Wszystko wskazuje na to ze holenderska firma Veens Blauwe Bosbessen, jeden z największych producentów borówki amerykańskiej w Europie, założy plantację w Turkowiach (gm. Werbkowice).
Rada Powiatu zgodziła się na dzierżawę tej firmie 35 ha gruntów pod uprawę borówek. Obecnie trwają negocjacje dotyczące szczegółów tej dzierżawy. Cierpliwość holenderskiego inwestora została nagrodzona. Rok temu nic nie wskazywało na to, że dzierżawa dojdzie do skutku. Ówcześni radni powiatowi zbojkotowali borówkową inwestycję w Trukowicach na gruntach po byłym gospodarstwie pomocniczym tamtejszej szkoły rolniczej.
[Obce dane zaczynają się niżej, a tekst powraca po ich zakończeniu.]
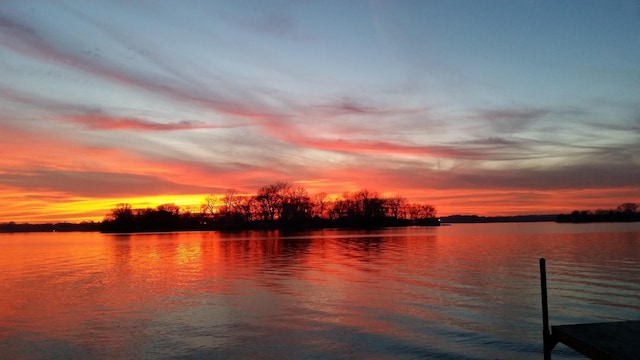 536 Circle Dr, Fox Lake, IL 60020 - water view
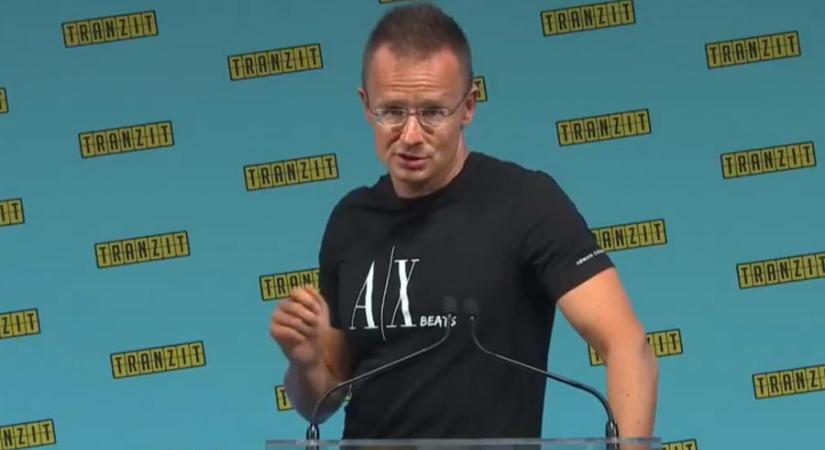 Szijjártó: Azok próbálnak minket oroszbarátsággal vádolni, akiknek ölükbe hullt és ajándékként kapták a szabadságot?!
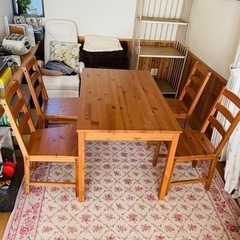 4人掛けダイニングテーブル&イスの画像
Ronald Veens, holenderski przedsiębiorca poszukiwał wówczas ziemi pod plantację na terenach województw lubelskiego, mazowieckiego i zachodnio - pomorskiego. Okazało się, że najkorzystniejsze warunki klimatyczno - glebowe dla tej uprawy są właśnie w Turkowicach. Holender wystąpił do Starostwa Powiatowego w Hrubieszowie z wnioskiem o wydzierżawienie 35 ha.
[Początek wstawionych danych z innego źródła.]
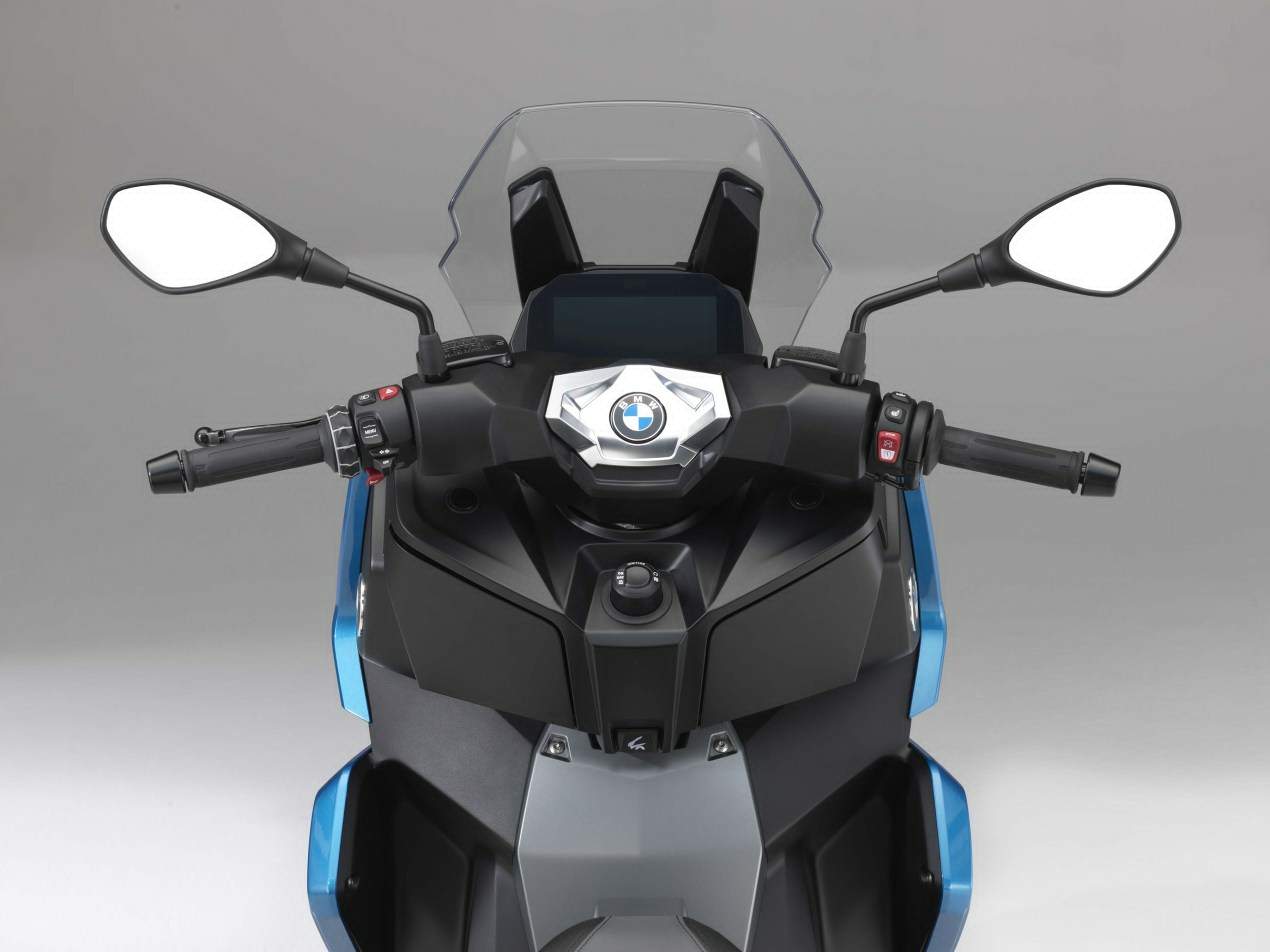 Мотоцикл BMW C 400X 2018 фото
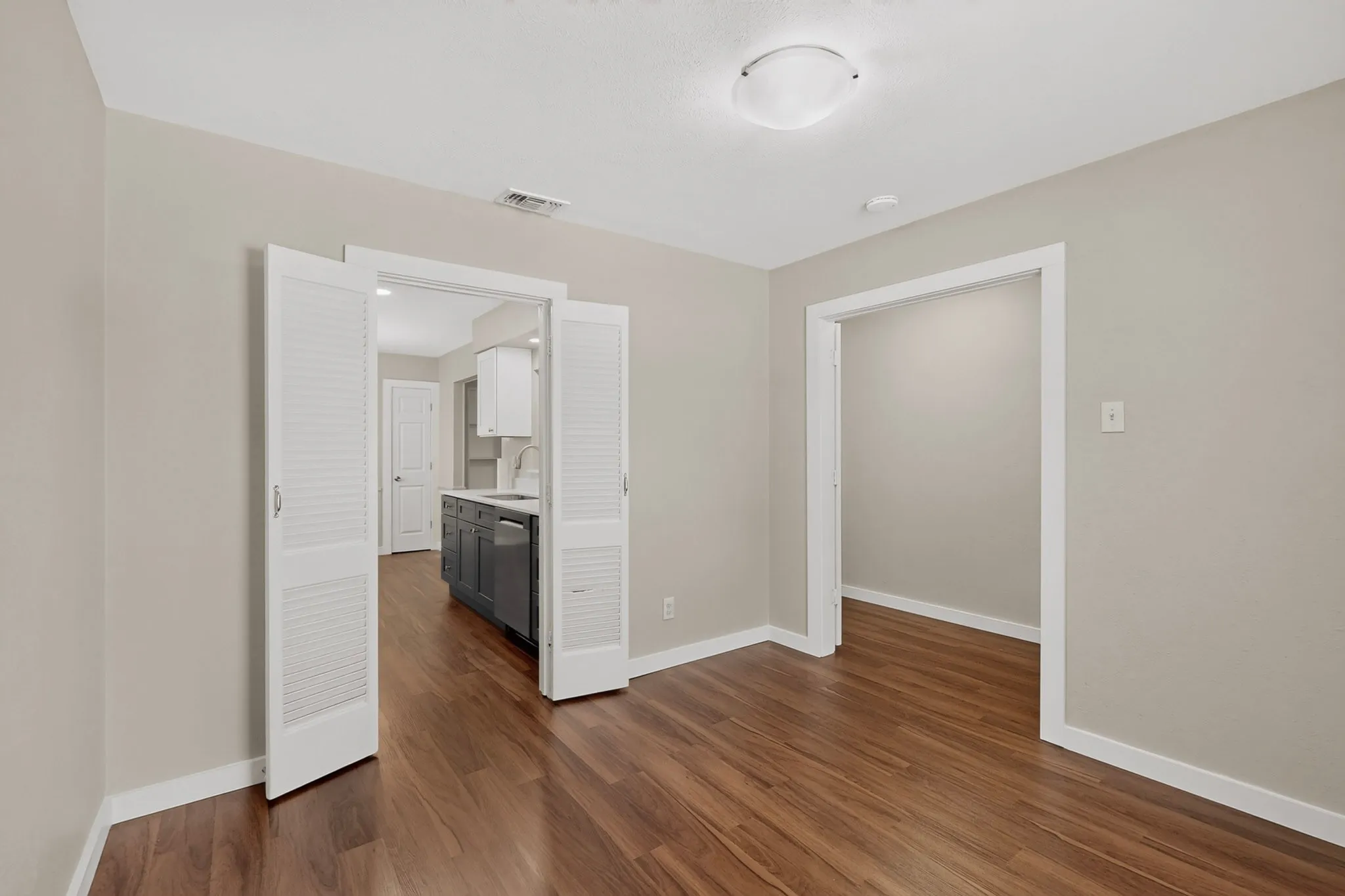 Single Family Residence For Rent in Collin County , 1717 Japonica Lane, Plano, Texas 75074, 3 Bedroom, 2 Bathroom, 1 Garage spaces, 1,384 Sqft, built in 1969, mls#21352157, Real Estate Agent in Plano, Homes For Rent in Collin county, Homes For Rent in Plano, Realtor in Plano Texas, Real Estate Brokerage Independent Realty Texas, Luminita Cordes Realtor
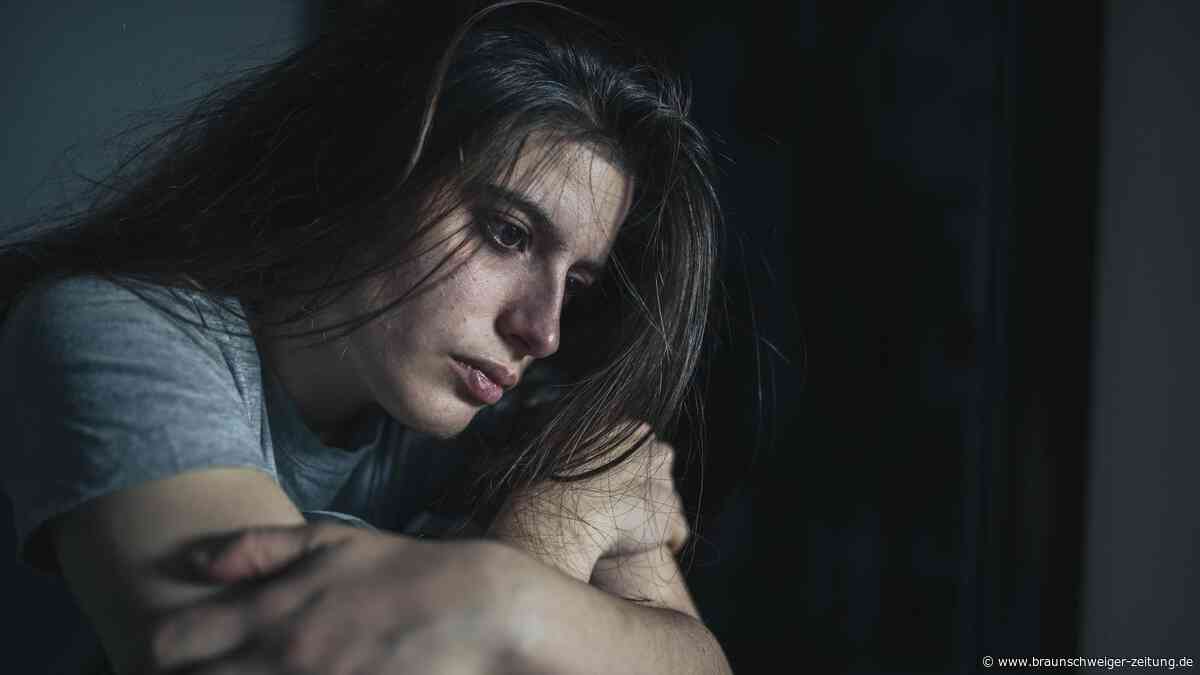 ADHS bei Frauen: Warum sie anfälliger für toxische Beziehungen sind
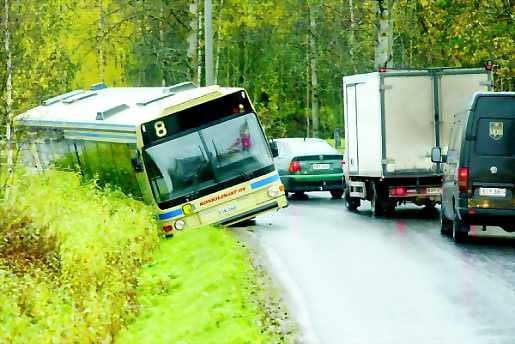 Linja-auto ajoi ojaan Välikylän kiertotiellä maanantaina aamulla.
Zarząd Powiatu zapytał Radnych na jednej z ubiegłorocznych sesji, czy może wydzierżawić ten areał Holendrom. Niektórzy radni stanowczo zaprotestowali.
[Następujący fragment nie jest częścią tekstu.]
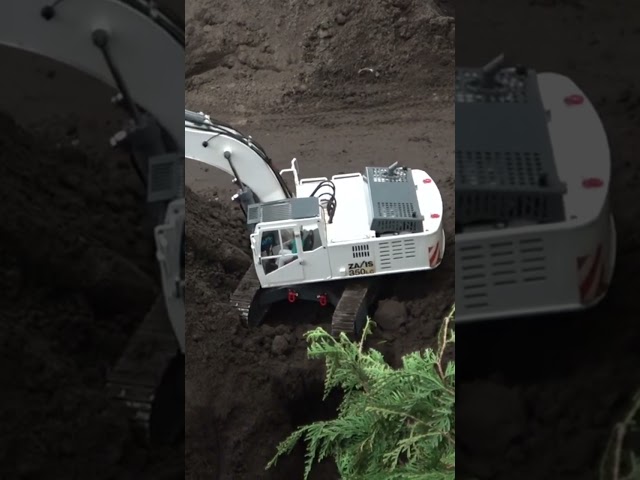 Hitachi RC Excavator and Volvo 6x6 RC Dump Truck at work - RC Mega Models !!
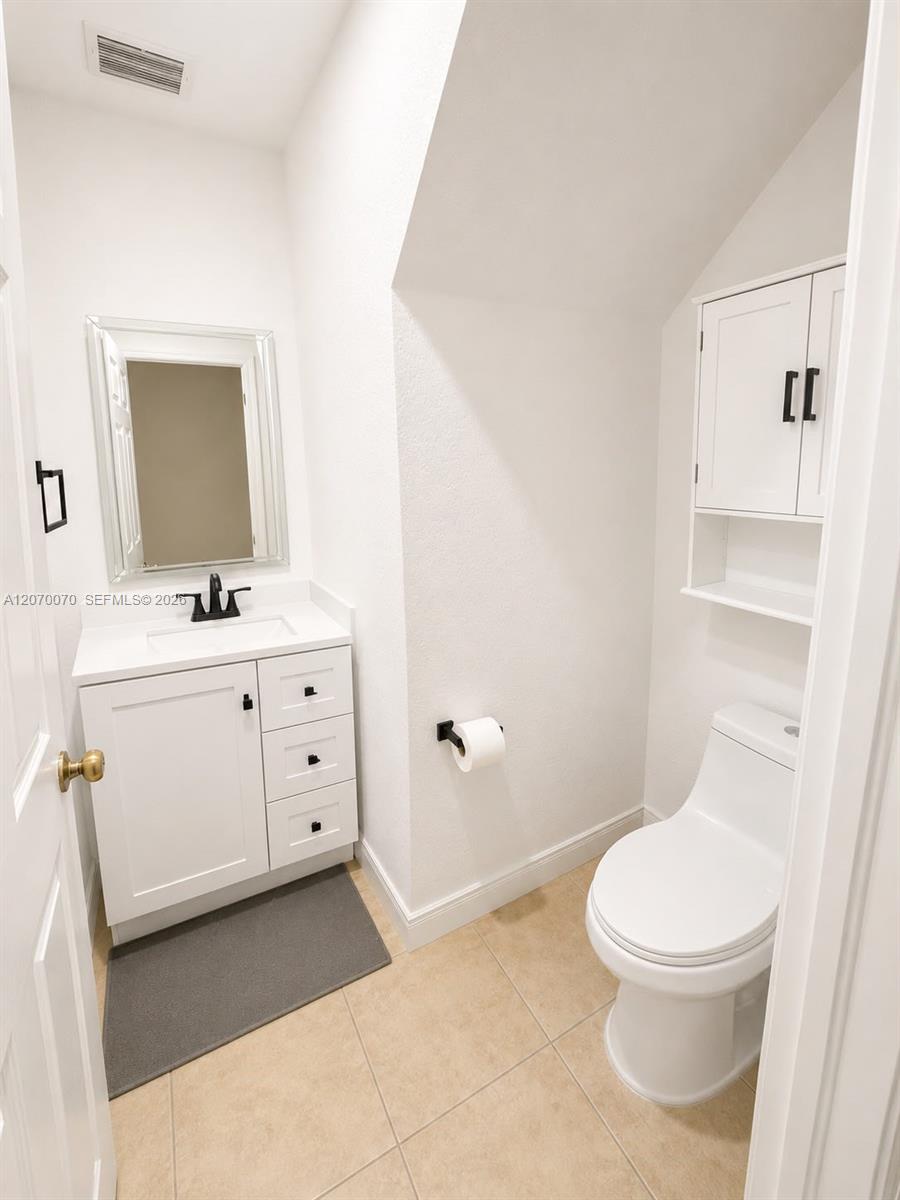 A12070070 Property Photo 8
Nic nie pomogły wyjaśnienia przedstawiciela holenderskiej firmy, który
tłumaczył, że holenderska firma nie chce nikomu niczego zabierać. A jeszcze
zamierza zainwestować w Turkowicach około 1 mln euro. W sezonie, przy zbiorze
borówek, mogłoby pracować około 350 mieszkańców z Turkowic i
okolicy.
Mimo tych argumentów ówcześni radni nie
przegłosowali wniosku o zgodę na dzierżawę. Sprawa powróciła w tej kadencji, a
obecna rada nie dopatrzyła się zagrożeń wynikających z dzierżawy gruntów obcemu
kapitałowi.
Holenderska firma jako jedyna przystąpiła do przetargu. Obecnie negocjowane są kwestie sporne dotyczące okresu dzierżawy oraz dostęp plantacji do rzeki. Wszystko wskazuje, że rozmowy zakończą się sukcesem i umowa dzierżawy zostanie podpisana w ciągu kilku najbliższych tygodni.